INPUT DATA:

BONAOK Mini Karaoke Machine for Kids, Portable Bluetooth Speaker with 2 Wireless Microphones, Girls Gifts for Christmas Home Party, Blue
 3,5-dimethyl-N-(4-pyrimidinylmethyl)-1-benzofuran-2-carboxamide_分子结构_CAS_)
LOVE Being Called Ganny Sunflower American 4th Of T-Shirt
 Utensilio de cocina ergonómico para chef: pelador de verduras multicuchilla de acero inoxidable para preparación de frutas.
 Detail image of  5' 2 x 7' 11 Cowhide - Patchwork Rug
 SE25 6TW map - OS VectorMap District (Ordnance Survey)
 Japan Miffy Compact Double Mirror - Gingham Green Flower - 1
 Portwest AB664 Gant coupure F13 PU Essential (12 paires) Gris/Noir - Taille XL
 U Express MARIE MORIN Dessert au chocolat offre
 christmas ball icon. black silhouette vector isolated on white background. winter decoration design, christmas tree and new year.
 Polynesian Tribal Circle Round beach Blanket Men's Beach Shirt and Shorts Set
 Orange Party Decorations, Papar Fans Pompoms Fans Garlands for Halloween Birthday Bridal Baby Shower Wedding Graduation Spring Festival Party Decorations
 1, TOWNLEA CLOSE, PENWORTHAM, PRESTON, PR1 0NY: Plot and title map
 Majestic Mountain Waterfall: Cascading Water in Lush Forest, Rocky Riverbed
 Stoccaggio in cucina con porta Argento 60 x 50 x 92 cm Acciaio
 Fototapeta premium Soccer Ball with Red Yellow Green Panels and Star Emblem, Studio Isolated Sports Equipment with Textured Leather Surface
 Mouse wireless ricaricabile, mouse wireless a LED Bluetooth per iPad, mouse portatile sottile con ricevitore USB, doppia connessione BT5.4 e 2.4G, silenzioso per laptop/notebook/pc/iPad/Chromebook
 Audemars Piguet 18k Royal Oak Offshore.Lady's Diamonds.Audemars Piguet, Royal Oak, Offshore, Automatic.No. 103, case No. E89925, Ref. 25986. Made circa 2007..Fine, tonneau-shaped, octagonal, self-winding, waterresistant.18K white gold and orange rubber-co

WHAT YOU WILL DO:
Show me every line of the entries above that holds "Party".

SOLUTION FOR THIS EXERCISE:
BONAOK Mini Karaoke Machine for Kids, Portable Bluetooth Speaker with 2 Wireless Microphones, Girls Gifts for Christmas Home Party, Blue
 Orange Party Decorations, Papar Fans Pompoms Fans Garlands for Halloween Birthday Bridal Baby Shower Wedding Graduation Spring Festival Party Decorations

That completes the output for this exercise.